**Task data**:
"""

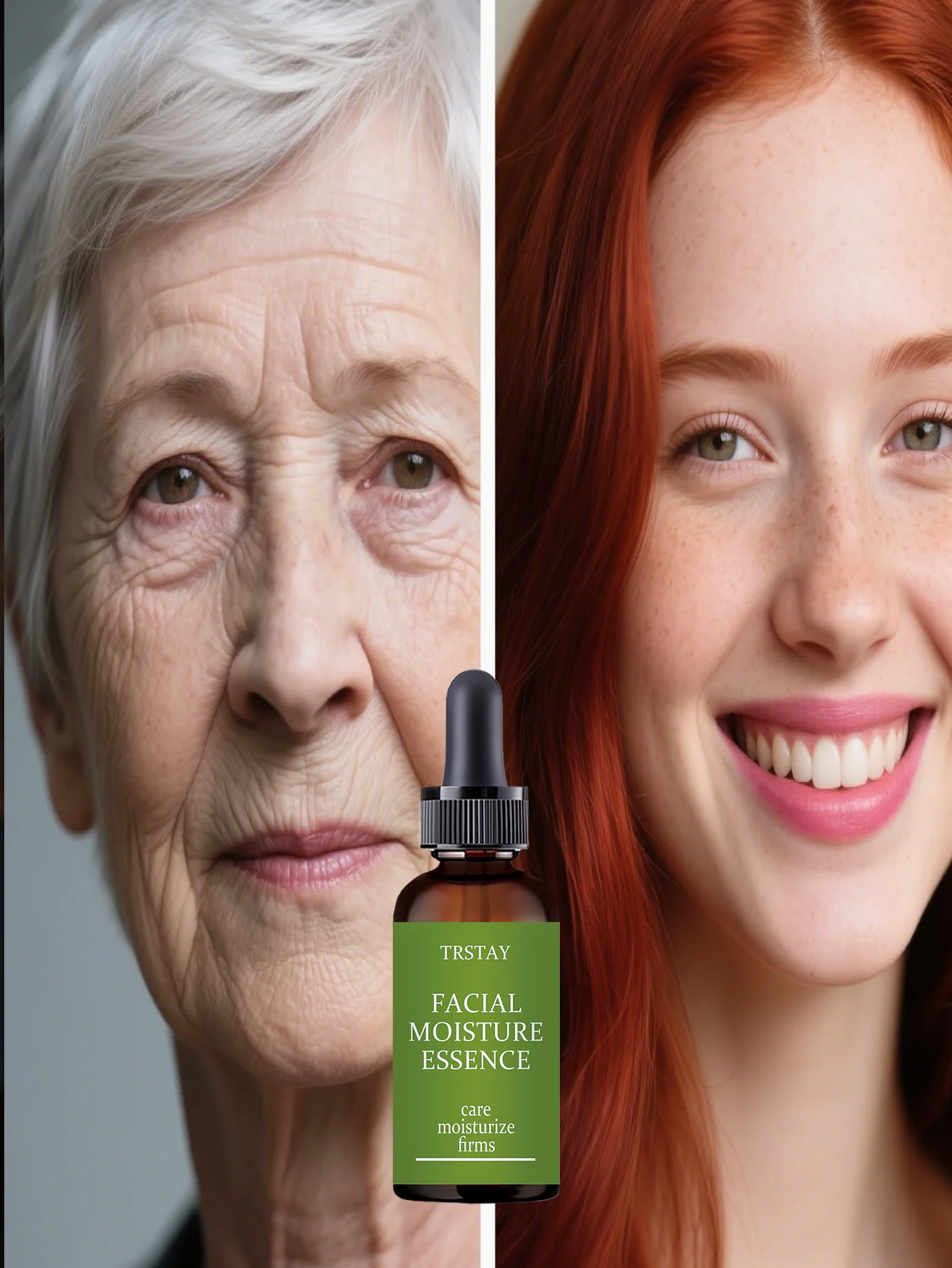 Hydrating Anti Wrinkle Serum For Stressed Skin Soothes Muscles Boosts Resilience Fights Sagging And Fatigue Promotes Smooth Glow - Image 3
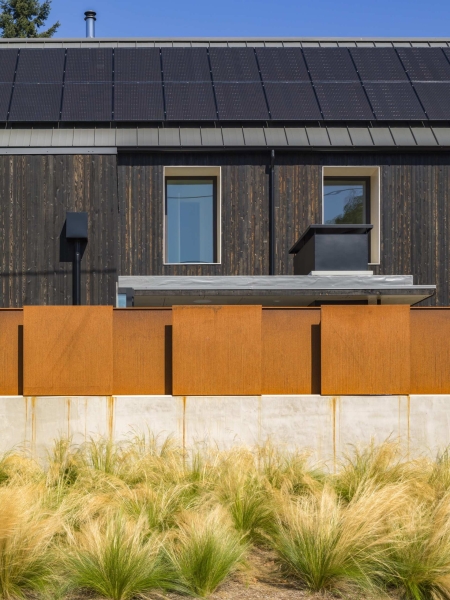 A Clever Pass-Through Window Turns This Kitchen Into a Social Hub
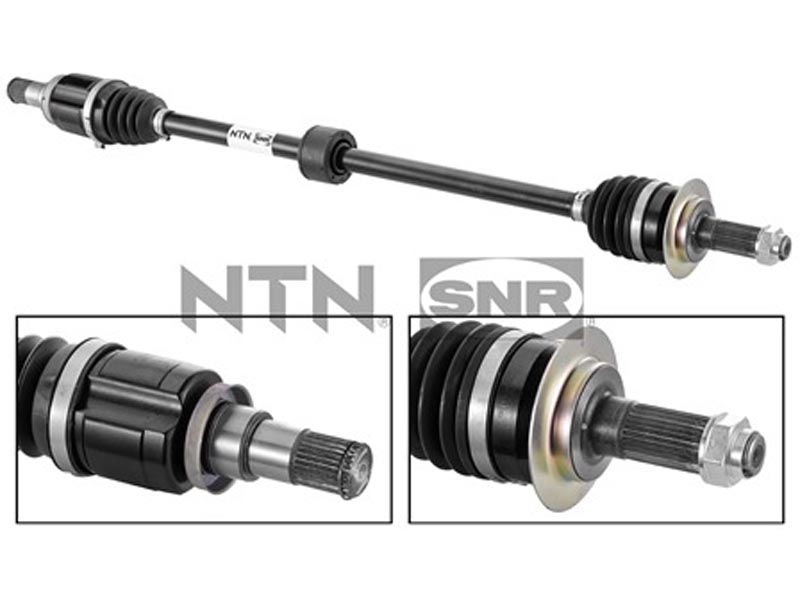 Drive shaft kit (complete driveline)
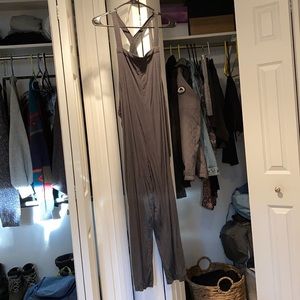 Grey jumpsuit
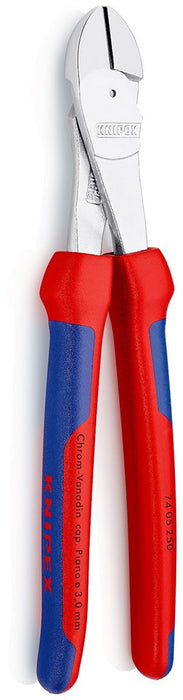 Knipex hromirane ojačane bočne sečice 250mm (74 05 250)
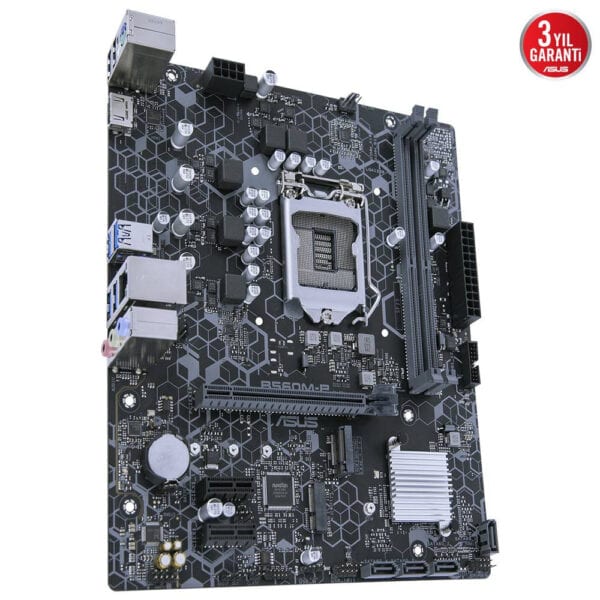 Asus B560m P Si 5000mhzoc Ddr4 Soket 1200 M 2 Hdmi Matx Anakart 2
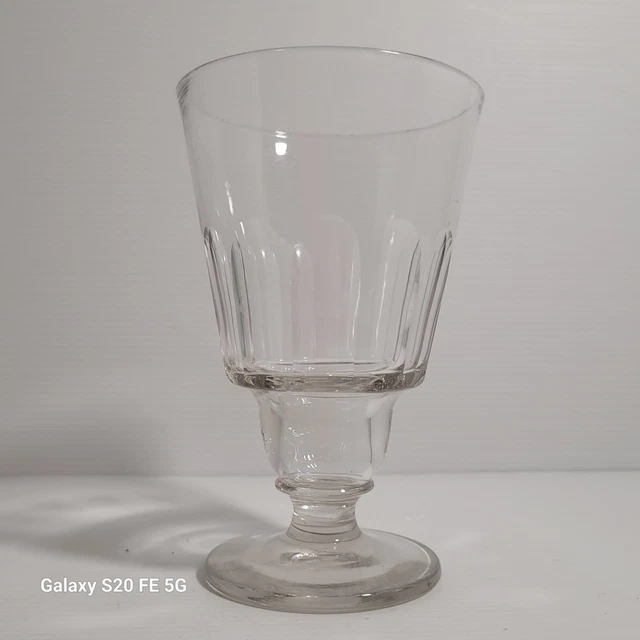 Ancien Set à Absinthe Français – 6 Verres, Cuillères Et Soucoupes – Bistrot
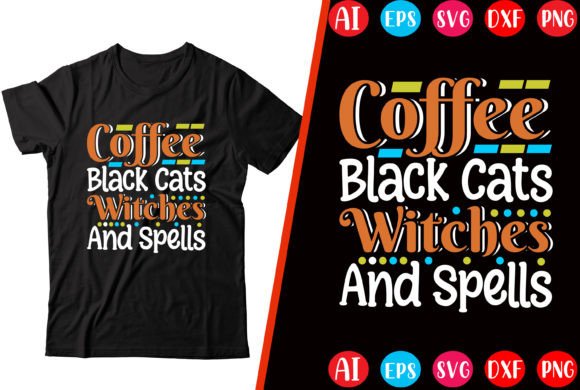 Coffee Black Cats Witches and Spells Embroidery Review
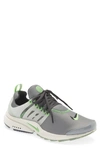 Nike Air Presto Sneakers In Smoke Grey/ Green/ Phantom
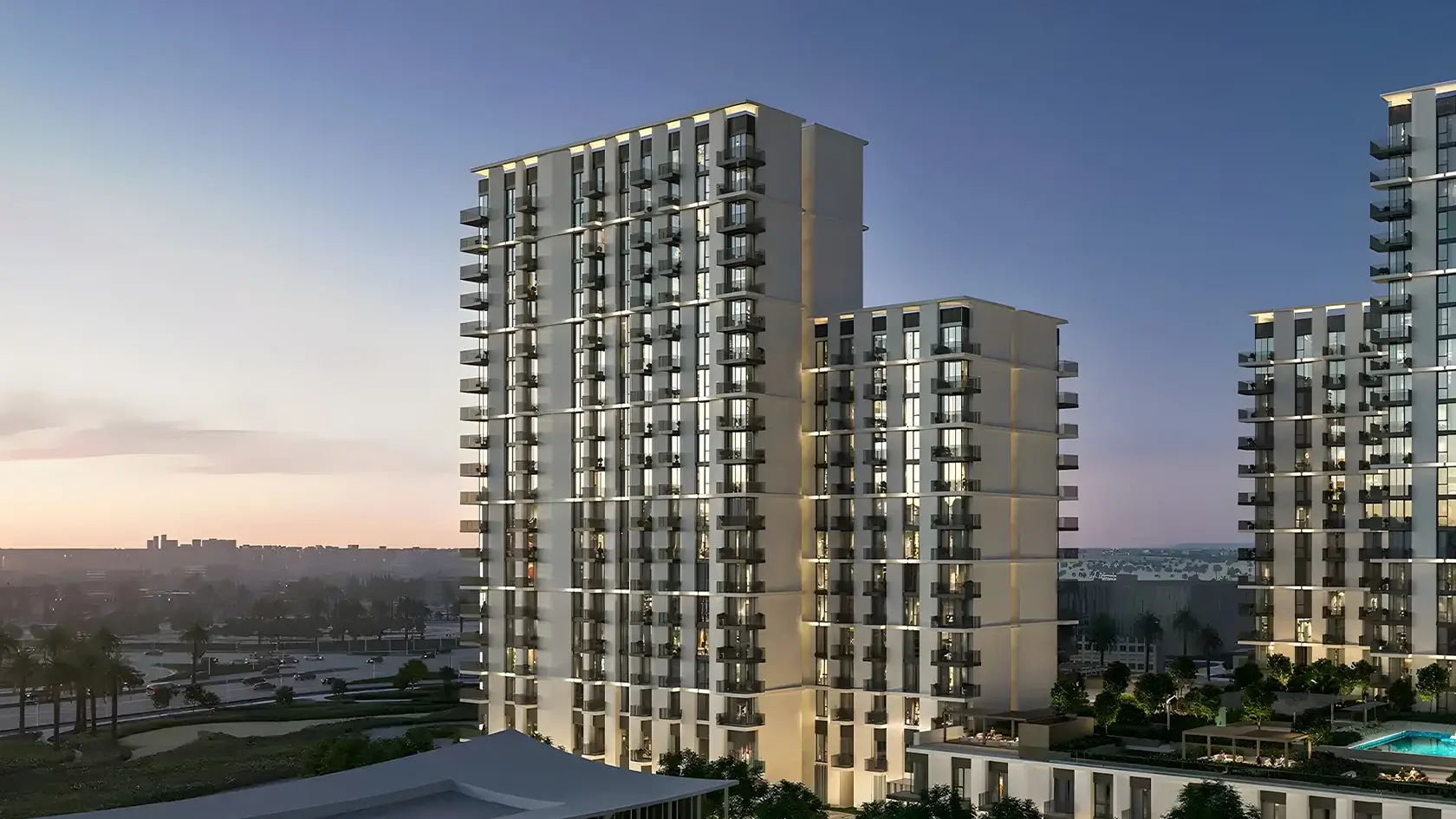 Emaar Hillsedge at Dubai Hills Estate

"""

Set down exactly, from the line that contains "Nike Air Presto" through the last line of the data, each line as it stands, and leave the pictures out.

 Nike Air Presto Sneakers In Smoke Grey/ Green/ Phantom
 Emaar Hillsedge at Dubai Hills Estate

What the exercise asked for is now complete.